Plus prosaïquement : comment se fait il que les médias couvrent si peu certains éléments de cet évènement ? Le 26 novembre a eu lieu le forum de la finance islamique à Paris (4), véritable acte de naissance du premier comité de conformité « charia » dédié à la validation de produits financiers.
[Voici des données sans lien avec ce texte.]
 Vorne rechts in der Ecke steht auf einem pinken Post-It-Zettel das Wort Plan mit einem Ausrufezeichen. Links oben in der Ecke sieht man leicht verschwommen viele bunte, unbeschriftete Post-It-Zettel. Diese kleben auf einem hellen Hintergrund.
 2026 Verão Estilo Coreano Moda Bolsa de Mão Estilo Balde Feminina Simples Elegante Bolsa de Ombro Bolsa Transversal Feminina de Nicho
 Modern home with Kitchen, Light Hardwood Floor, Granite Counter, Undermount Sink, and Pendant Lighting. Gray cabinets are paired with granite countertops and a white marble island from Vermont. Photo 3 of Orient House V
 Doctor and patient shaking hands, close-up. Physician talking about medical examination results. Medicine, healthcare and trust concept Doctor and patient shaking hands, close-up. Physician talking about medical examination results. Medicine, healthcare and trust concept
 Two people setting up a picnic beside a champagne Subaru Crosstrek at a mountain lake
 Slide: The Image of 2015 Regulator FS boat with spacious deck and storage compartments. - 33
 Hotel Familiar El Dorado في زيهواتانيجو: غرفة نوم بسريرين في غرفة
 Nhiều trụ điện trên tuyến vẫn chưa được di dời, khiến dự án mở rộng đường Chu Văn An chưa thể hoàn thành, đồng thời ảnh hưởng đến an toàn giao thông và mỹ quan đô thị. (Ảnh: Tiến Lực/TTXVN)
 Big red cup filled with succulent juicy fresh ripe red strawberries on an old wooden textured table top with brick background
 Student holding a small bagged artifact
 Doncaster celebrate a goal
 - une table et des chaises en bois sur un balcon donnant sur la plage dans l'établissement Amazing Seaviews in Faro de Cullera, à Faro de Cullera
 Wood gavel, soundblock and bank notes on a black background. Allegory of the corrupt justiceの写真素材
Or, les médias en ont assez peu parlé…(5)

Quant aux articles relatifs à l’adoption de cette finance, pourquoi sont-ils tous consensuels ? On assiste à des débats pour moins que ça ! (6) Le gouvernement Français ne vient il pas de se plier à un système de valeurs religieuses ?

Pourquoi n’y a-t-il pas de débat public ? Il ne s’agit pas de se montrer réticent par principe ou par aversion pour la religion musulmane…mais juste de comprendre de quoi il retourne.
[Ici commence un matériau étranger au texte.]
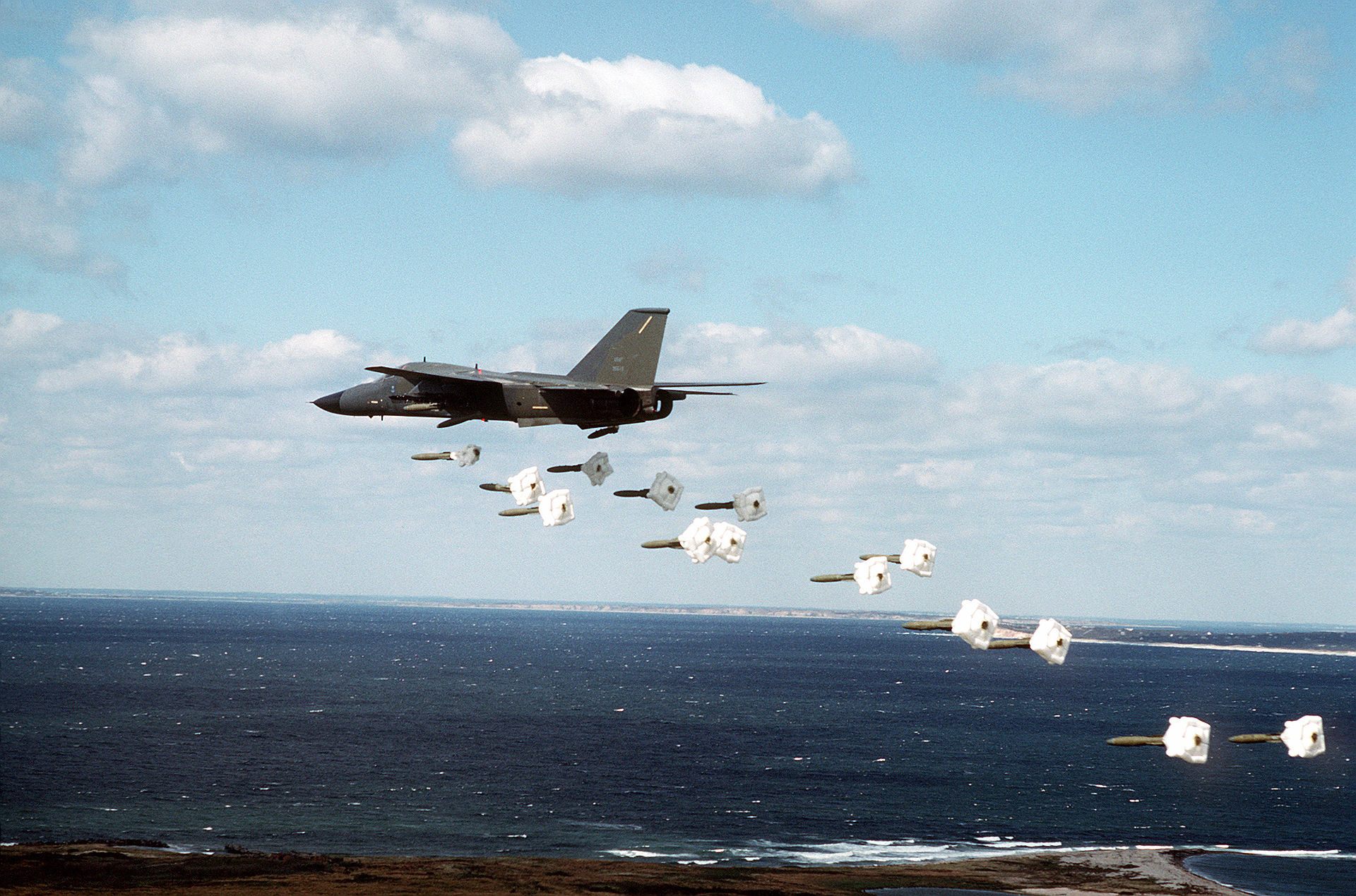 A military plane drops practice bombs over the coast of Nomans Land Island.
Serions-nous tous indifférents à l’adoption de cette finance ? Est-elle le vernis éthique qui va octroyer aux profiteurs la permission de continuer leur démolition du système ? (7)

 

Toujours est-il que si un jour ouvre près de chez moi une banque islamique, je crois que je vais en devenir client ! Pensez : comment mon banquier oserait-il me harceler au téléphone pour rembourser mes créances si l’usure est interdite ?

 

 

 

 

       1.     L’institut Paris Europlace a pour fonction de promouvoir la Bourse de Paris auprès des investisseurs étrangers.    

2.     OuestFrance.fr

3.     Voir l’article de Yann Le Galès, Le figaro.fr

 http://www.lefigaro.fr/societes/2008/12/01/04015-20081201ARTFIG00288-la-finance-islamique-peut-investir-milliards-en-france-.php

4.      Voir l’article sur Al Kantz, du 04/12/08 : http://www.al-kanz.org/2008/12/04/acerfi-comite-conformite-finance-islamique/

5.      Si l’on s’amuse à taper « ACERFI » sur Google news, on ne dénombre que 4 articles référencés…Ce n’est bien sur pas une méthode en soi, juste un indicateur parfois intéressant…

6.      Un article au moins fait défaut à ce consensus : les propos tenus n’engagent que l’auteur mais je crois bon de le mentionner : oudeis, http://www.agoravox.fr/article.php3?id_article=48128.

7.   Merci à LOXIAS pour son exposé « accessible »…sans jeux de mots ! J’ai hâte que tu publies…en attendant, merci de me laisser rendre public un résumé de tes « recherches » !

 « Le principe de base n’est pas très compliqué : un système quelconque, comme une entreprise ou une société, consomme certaines ressources (x) pour en produire d’autres (y). Le capitalisme classique repose sur un déséquilibre x<y tel que le système produit un excédent de ressources convertissable en richesses. Or le libéralisme actuel consiste à faire tendre x vers son minimum possible. Sauf qu’au bout d’un moment, le risque est de faire s’écrouler le système (…). Une exploitation intelligente consisterait à respecter des paramètres de stabilité et de pérennité : on ne peut imposer à un système n’importe quel rythme, n’importe quel rendement. Le plus important est de définir les limites réelles du système, sachant que les éléments qui le compose sont des humains qui ont, en tant que tels, des besoins qui échappent aux nécessités économiques. Un salarié fier et bien dans son entreprise travaillerait certainement mieux que celui qui la subit. La morale n’a rien à voir avec ces considérations : le tout est de savoir si les richesses doivent profiter à ceux qui les produisent et à leur entreprise ou à un groupe de financiers.»